Après la mort de Russell, son successeur Joseph Rutherford, ne fit d'abord que reprendre les mêmes arguments : « Le nom « Easter » est dérivé du mot Estera, une déesse des Saxons, dont la fête était célébrée durant le printemps, à peu près au moment de la pâque juive (Passover). [...] Les chrétiens célèbrent le quatorze Nisan annuellement, comme commémoration de la mort de notre Seigneur et le Mémorial institué par Lui, qu'Il enjoint à Ses disciples de garder jusqu'à ce que Son royaume soit établit. » - The Golden Age, 13 avril 1921, p. 364.

Il fallut attendre le successeur de Rutherford : Knorr, pour que les origines païennes de Pâques deviennent enfin l'unique excuse pour refuser sa célébration. En 1949, il était expliqué que « le nom « Easter » venait en fait d'Astarte, signifiant « la femme qui a fait des tours ». Cette femme était évidemment Semiramis, la femme de Nimrod, qui l'a aidé à construire la tour de Babel. Après sa mort, elle fut déifiée comme « reine du ciel », et durant de nombreux siècles avant le temps de Jésus, toutes les religions primitives ont célébré une fête printanière en son honneur. » - Awake!, 8 avril 1949, p. 12, « Les démons de Pâques ».

En 1989, le livre Comment raisonner à partir des Écritures (p. 165), rappelait encore l'origine païenne de Pâques en citant Les Deux Babylones, d'Alexander Hislop. Dans cet ouvrage de 1858, Hislop présentait l'origine païenne non seulement de Pâques, mais aussi de Noël.
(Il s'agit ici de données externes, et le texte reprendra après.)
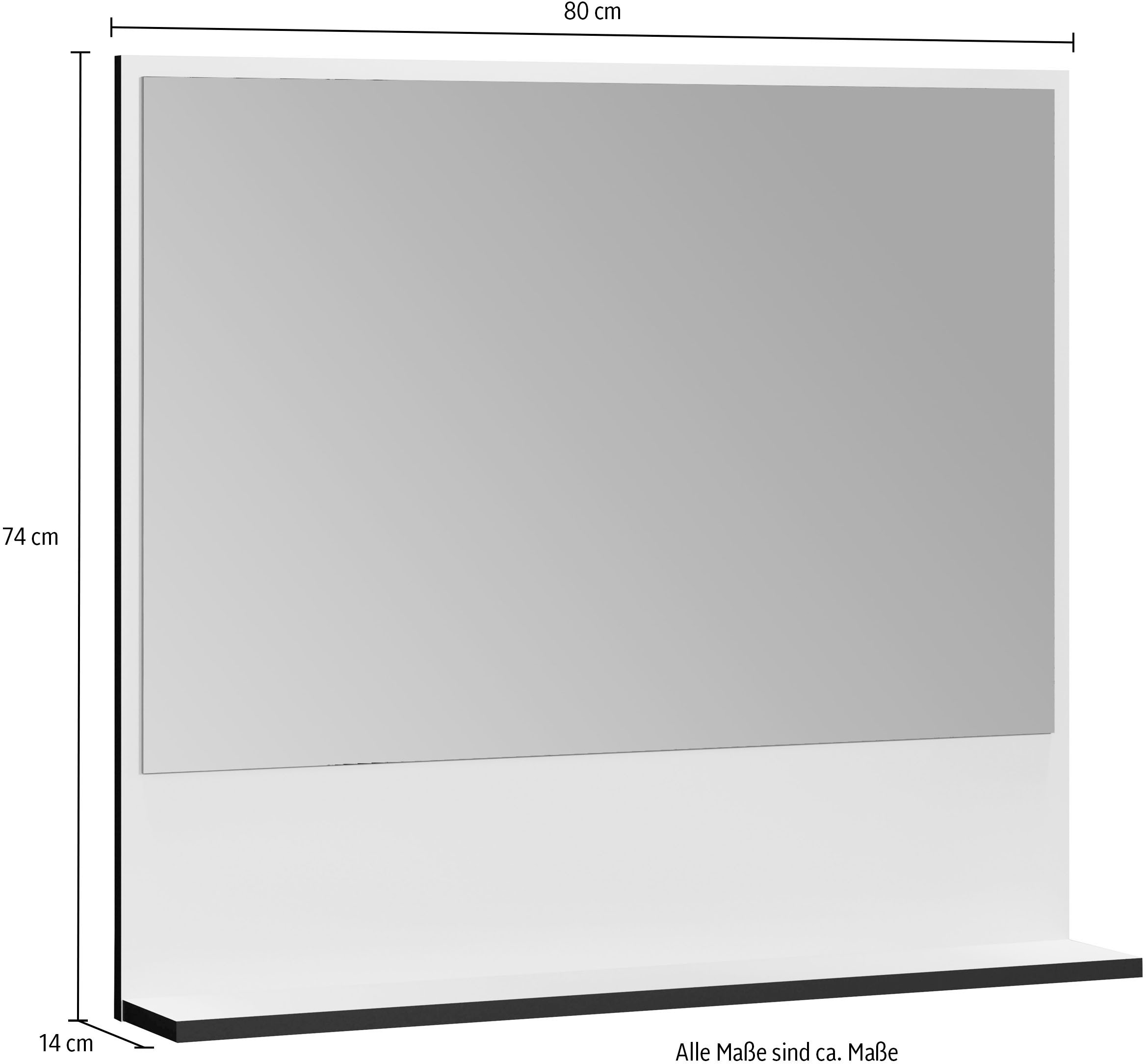 welltime Badspiegel »Amrum« Wandspiegel mit Ablage - (B/T/H) wahlweise 60 bis 80/14/74 cm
Douze ans avant que Russell ne fonde son groupe d'Etudiants de la Bible, il était donc connu que Pâques et Noël avaient une origine païenne. Pourtant, bien que Russell fît interdire Pâques dès le début du mouvement, les Etudiants de la Bible continuèrent à fêter Noël jusqu'en 1928, c'est-à-dire pendant encore plus d'un demi-siècle ! Cela démontre avec plus de force encore que l'origine païenne de Pâques n'était pas la véritable raison de son interdiction.

Lire la suite...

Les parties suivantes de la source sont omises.